The Deputy President also considered whether cl 54.04-6 infringed the property rights of Mr Stooke or Mr Davey, in contravention of s 20 of the Charter. It was held that any imposition of reasonable restrictions on the use and development of their land was clearly in accordance with the law, and therefore not in breach of s 20.
Given that neither ss 13 or 20 of the Charter were infringed, the Deputy President stated that it was unnecessary to consider the third step of the process outlined in Momcilovic; that is, whether the limit imposed on the rights was justified under s 7(2) of the Charter. Nonetheless, the Deputy President held that if those rights were breached, the limits imposed by cl 54.04-6 were justified, as consideration of any overlooking, and the implementation of mitigation measures, allowed for a proportionate and reasonable response.
The Deputy President then considered the application of s 38 of the Charter. The issue was whether the Council or VCAT, in approving the proposed balcony without a screen, would act in a way that was incompatible with s 13, or, in making the decision, would fail to give proper consideration to the right to privacy.
A similar three-step process applied to the resolution of this issue. Deputy President Dwyer held that the scope of the right to privacy was limited, as s 13 only disallows unlawful or arbitrary interference with that right. Such interference did not occur in this case. The possible overlooking of Mr Davey's property was found not to be unlawful. There was no evidence of any intended nuisance. Nor would any potential interference have been arbitrary.

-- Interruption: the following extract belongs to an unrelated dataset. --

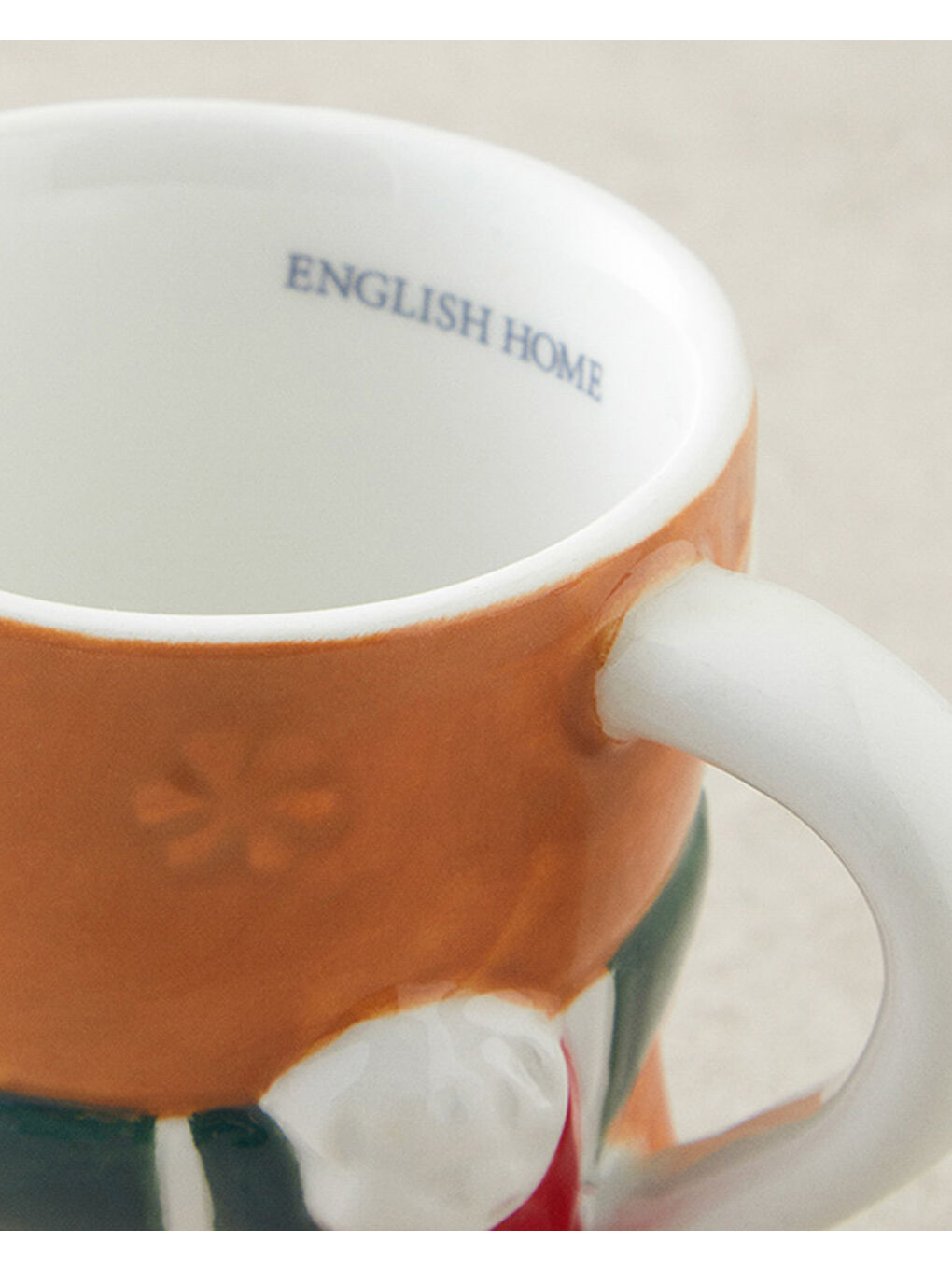 Baby Deer Dolomite Yılbaşı Kupa 70 ml Kahverengi-2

A decision to delete or modify the planning permit condition was only permitted after the reasonable exercise of a regulatory discretion, based upon the particular circumstances of the particular site, and to which Mr Davey had third party rights of objection. Accordingly, the Deputy President held that an unscreened balcony and some overlooking of Mr Davey's property were unlikely to establish a breach of s 38 of the Charter in the main proceedings. Again, it was unnecessary to consider the third step, but the Deputy President held in any case that any limitation upon Mr Davey's right to privacy under s 13 was reasonable and proportionate.
The matter was referred back to Member Sibonis for final decision, having regard to the decision made by the Deputy President on the question of law.
Consideration of the Victorian Charter
Deputy President Dwyer made two noteworthy comments about the application of the Charter more generally. The Deputy President stated that consideration of the Charter in circumstances of potential interference with a person’s privacy or home is ‘not something manifestly different to what is already required to be considered by a Tribunal member making a planning-based decision.’
The Deputy President also commented that despite each case turning on its own facts, it would be a ‘rare and exceptional case’ where a planning scheme provision was not compatible with the Charter, or where a planning discretion was not properly exercised within the limitations of the planning regulatory framework. This is a result of the qualifications on the right to privacy in s 13 of the Charter, the general limitations clause in s 7(2) of the Charter, and the structure of the planning regulatory framework and planning schemes in Victoria.
The decision is at www.austlii.edu.au/au/cases/vic/VCAT/2010/668.html.